The 500 = #289 - Something Else - The Kinks

I was inspired by a podcast called The 500 hosted by Los Angeles-based comedian Josh Adam Meyers. His goal, and mine, is to explore Rolling Stone Magazine's 2012 edition of The 500 Greatest Albums of All Time. 



Album: #289

Album Title: Something Else

Artist: The Kinks

Genre: Baroque Pop, Music Hall, R&B

Recorded: Pye Studios, London, UK

Released: September, 1967

My age at release: 2

How familiar was I with it before this week: One Song

Is it on the 2020 list? Yes, dropping to #478 (since 2012)
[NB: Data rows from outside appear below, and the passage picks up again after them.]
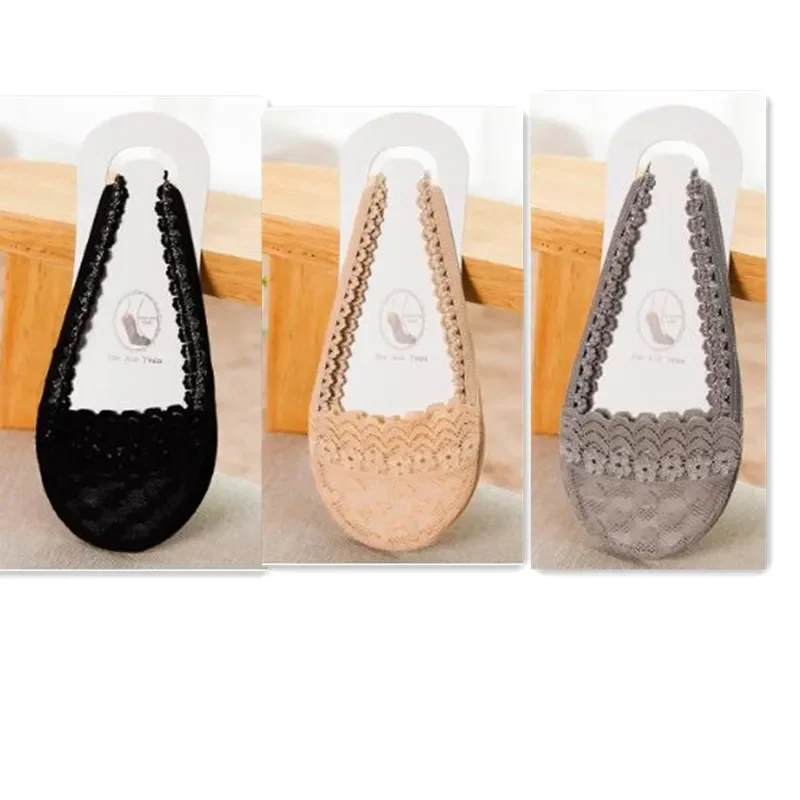 3 Pairs Womens Socks Summer Autumn Lace Girl Boat Socks Ultrathin Invisible Breathable Sexy Lady Sock Cotton Sock Meias Sox: Dark Grey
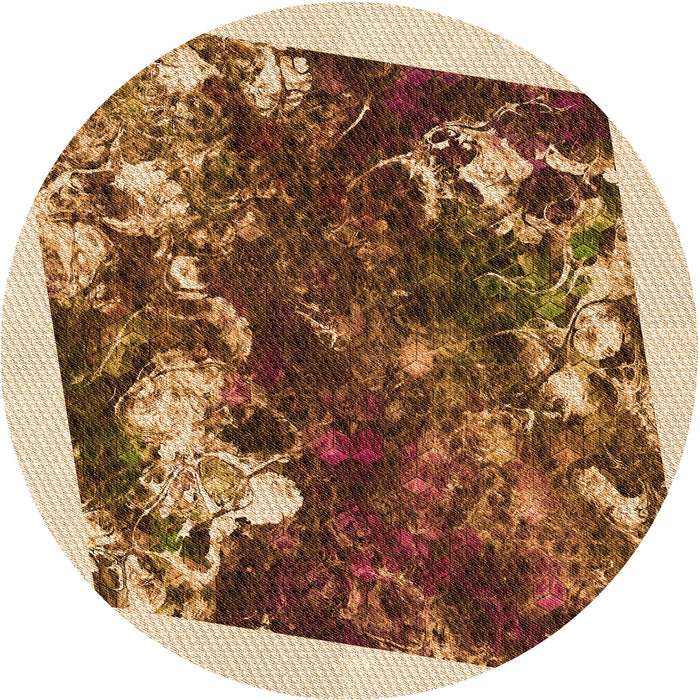 Square Patterned Red Brown Rug, pat2836org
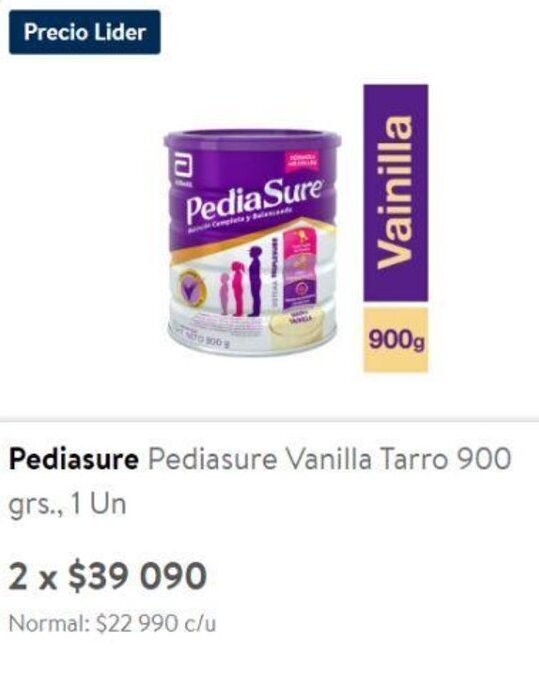 Lider Pediasure Vanilla Tarro 2 x 900 grs. oferta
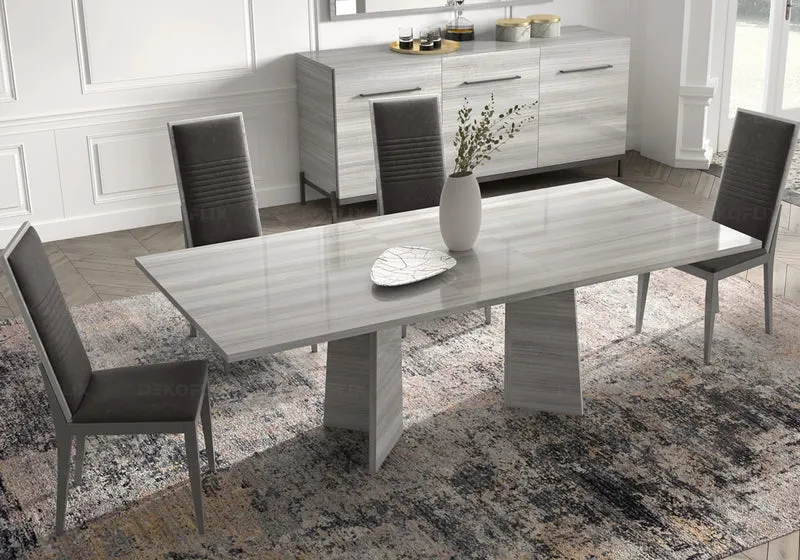 Chaise similicuir gris et dos laqué gris argent - Mia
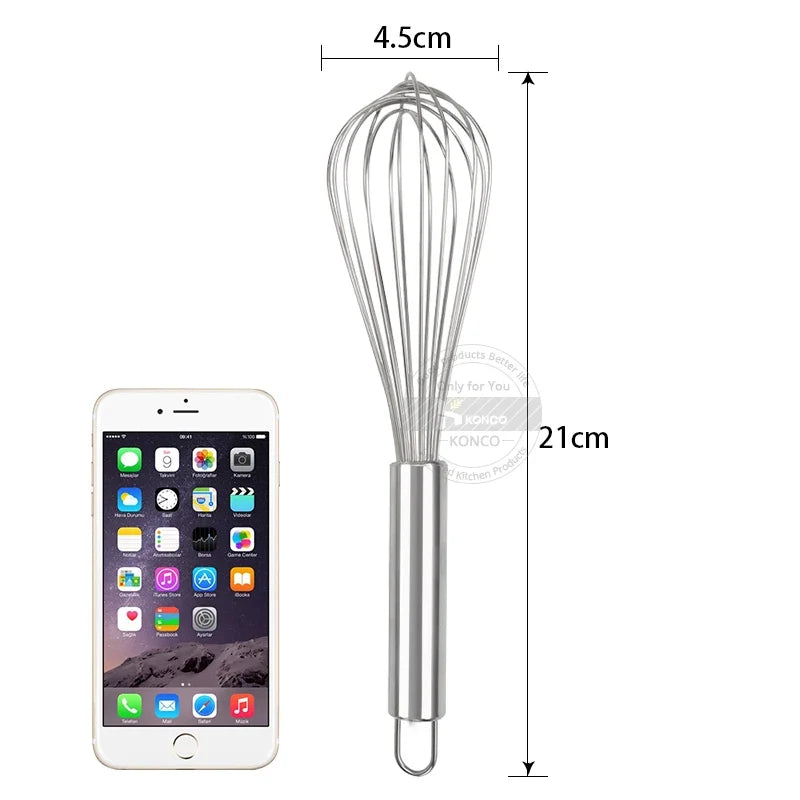 Stainless Steel Egg Whisk for Smooth Eggs & Batter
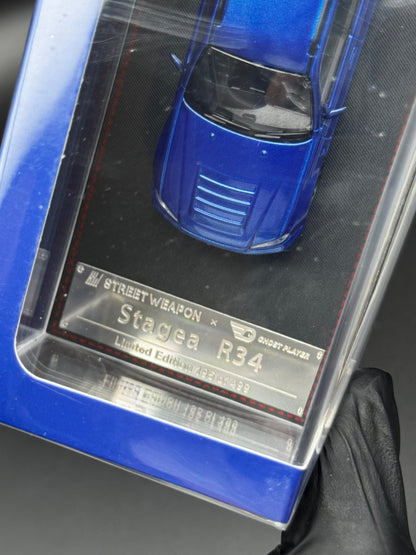 Nissan Stagea R34 Bleu Métallisé – Street Warrior 1/64 SVRdiecast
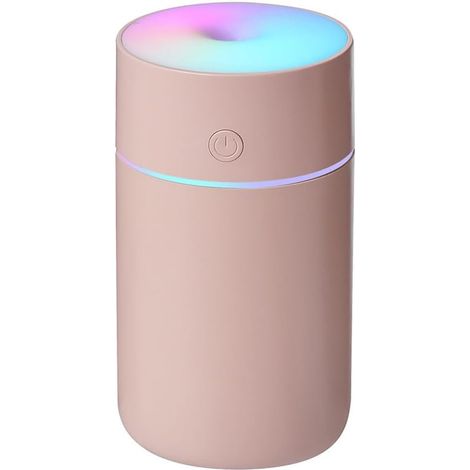 Luftbefeuchter für das Schlafzimmer mit bunten Lichtern, 2 Nebelmodi, leise, leicht zu reinigen, klein und tragbar für Pflanzen, Baby, Auto, Reisen und Büro (Pink)
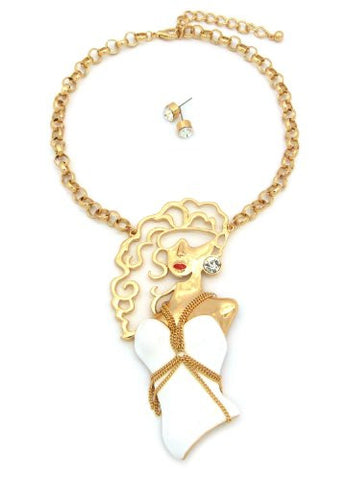 Glam Girl Pendant 15" Necklace w/ Earrings in Gold/White Tone JS1020GDWHT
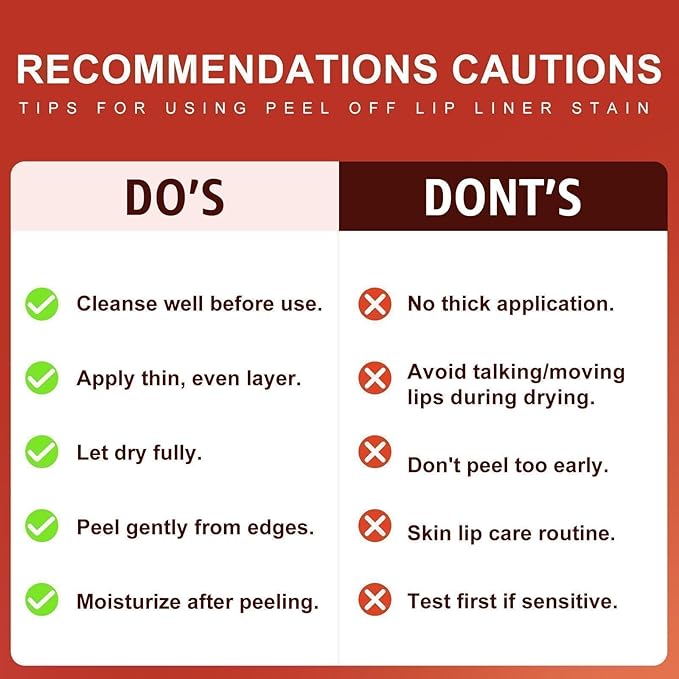 Lip Stain - Peel Off Lip Stain, Lip Liner Long-Lasting Moisturizing, Waterproof Nourishing Lip Tint with Matte Finish for Natural Lip Color for All Skin Tones (Nude)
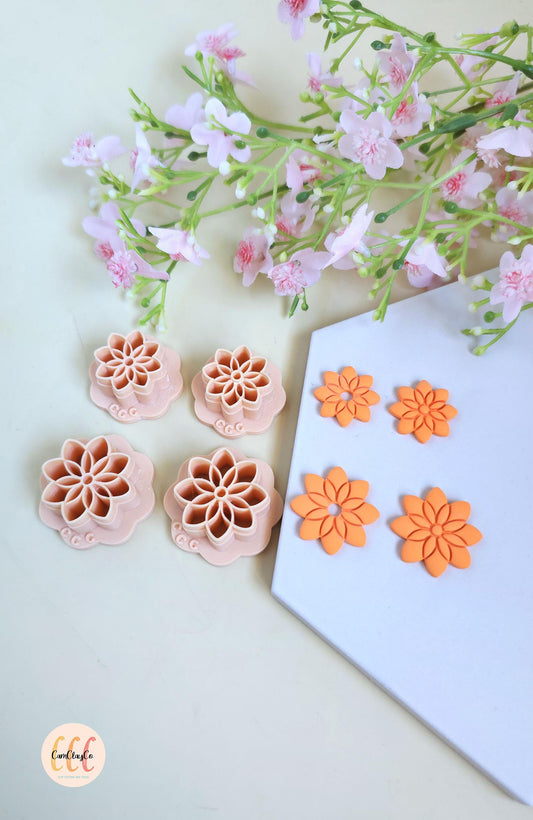 Emporte-pièces 3D en forme de fleurs 8 pétales pointus pour la fabrication de bijoux en argile polymère, créoles interchangeables, pampilles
Song I am putting on my Spotify Playlist: Waterloo Sunset

For me, my friends and, I suspect, many people of my age bracket, our first exposure to The Kinks was by way of Van Halen’s version of You Really Got Me.
I was also familiar with the cheeky 1970 hit, Lola, by The Kinks –a somewhat controversial song which chronicled a romantic encounter in Soho, London, between a man and a trans-woman. Over the years, I have heard a handful of Kinks songs, with A Dedicated Follower of Fashion being my favourite. However, I never purchased a Kinks record and, until recently, had never listened to a Kinks album in its entirety.
The English band was founded by brothers Ray and Dave Davies while still in high school. Ray was 18 and Dave was only 15 when they began performing at school dances under the names The Ray Davis Quintet, The Bo-Weevils, The Ramrods and The Ravens.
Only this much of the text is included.